§ **ABOUT THIS TASK**:
Find the line with "Trelyra European And" in the records below, then please transcribe it and every later line exactly, omitting the pictures and adding nothing.
** Opening GIVEN INFORMATION block **
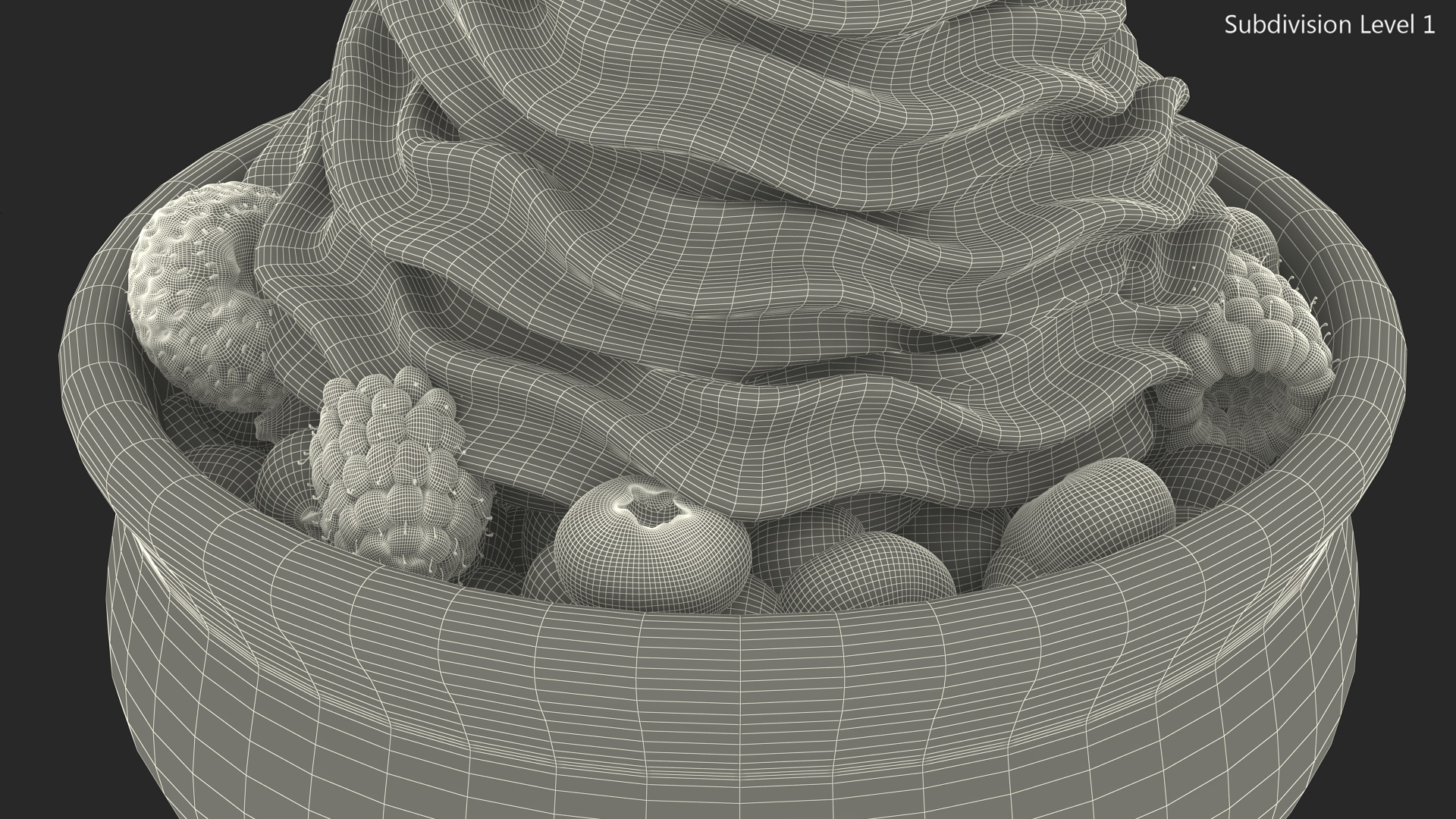 Bowl of Berries with Whipped Cream 3D model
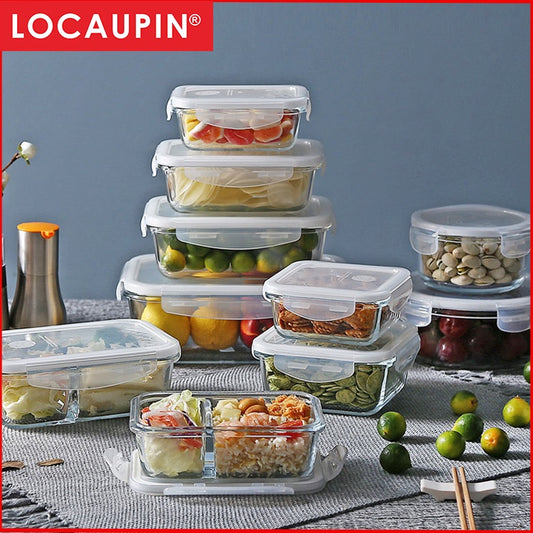 Locaupin Glass Container Plastic Lids ,Leak Proof Lunch Boxes Refrigerator Keep Fresh Food Container Microwave safe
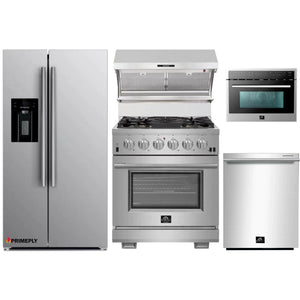 Forno 5-Piece Pro Appliance Package - 30-Inch Gas Range, Refrigerator with Water Dispenser, Wall Mount Hood with Backsplash, Microwave Oven, & 3-Rack Dishwasher in Stainless Steel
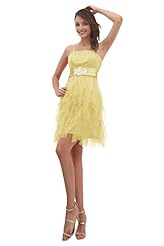Cocktail Short Satin/Tulle Beaded Crystals Open-Back Crystal Evening Dress/Homecoming Dress/Prom Dress/Party Dress 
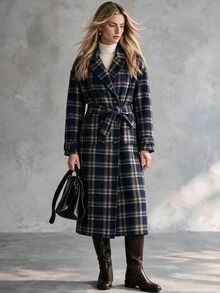Trelyra European And American Style Autumn/Winter New Fashion Versatile Plaid Decor Lapel Loose Tie Elegant Commute Design Overcoat - Multicolor - View 6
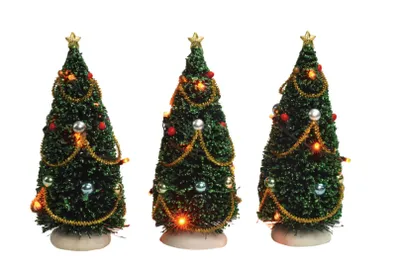 Image de Village de Noël paysage trois arbres avec lumières 15 cm de haut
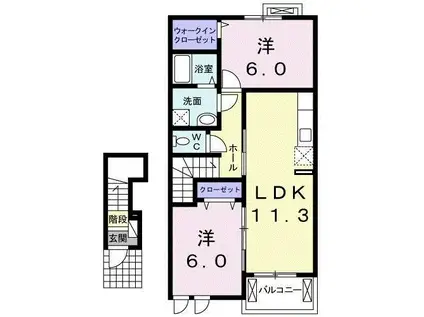 フリーデハイムA(2LDK/2階)の間取り写真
** Closing GIVEN INFORMATION block **
§ **RESPONSE TO THIS EXERCISE**:
Trelyra European And American Style Autumn/Winter New Fashion Versatile Plaid Decor Lapel Loose Tie Elegant Commute Design Overcoat - Multicolor - View 6
 Image de Village de Noël paysage trois arbres avec lumières 15 cm de haut
 フリーデハイムA(2LDK/2階)の間取り写真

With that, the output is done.